Vowler’s stories are a little unconventional: the reader has work to do in finding their loci. But once that shape becomes clear, it’s often jarring; jagged. The woman, destroyed by the heroin which her boyfriend introduced her to, stealing a baby following the stillbirth of her own. The bonds forged between siblings in the furnace of a dysfunctional family. Sudden death and the open threads it leaves, spooling moronically in its wake.
Vowler’s stories are a little unconventional: the reader has work to do in finding their loci. But once that shape becomes clear, it’s often jarring; jagged.

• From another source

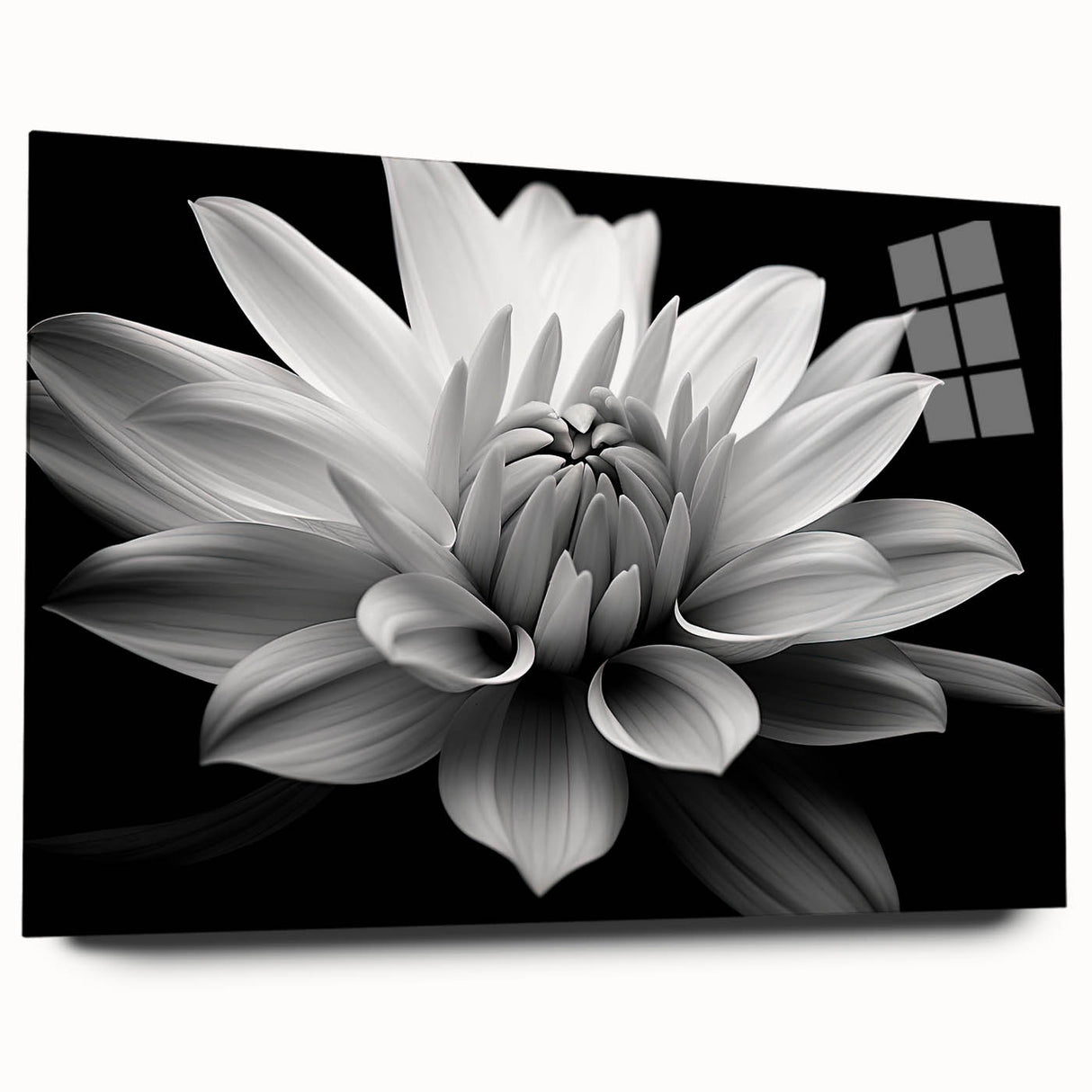 Botanical daisy wall art collection featuring a vibrant acrylic glass design, showcasing delicate flower details and a modern side view, ideal for home decor.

None of this makes for easy reading, save for Vowler’s storytelling being exquisite. In an age when experimentation with form is all the rage, and the beautiful word has been somewhat deprecated, the finesse of the prose is breath-taking. But beyond beautiful words, the power in Vowler’s stories lies in them being living, breathing things – they gestate within the reader, long after the final word.
There is little humour here but what there is works well. Here’s the ageing alpha-male from “Banging Che Guevara” — a story of a love-triangle / clusterfuck with three points — justifying his affair with the office intern:
Clive can’t help himself; it’s in his nature. And you shouldn’t deny your nature. He has needs. It’s not as if his wife is interested in such matters anymore. It’s probably grown over.
…and said intern, lying back and thinking of… River Island:
Her boss has normally come by now. That was what made it bearable, the brevity. She issues words of encouragement, tells him he’s a tiger, says she’s hot for him, that it’s the best she’s had. If they’re done by half-past, she can buy that top in River Island before it closes.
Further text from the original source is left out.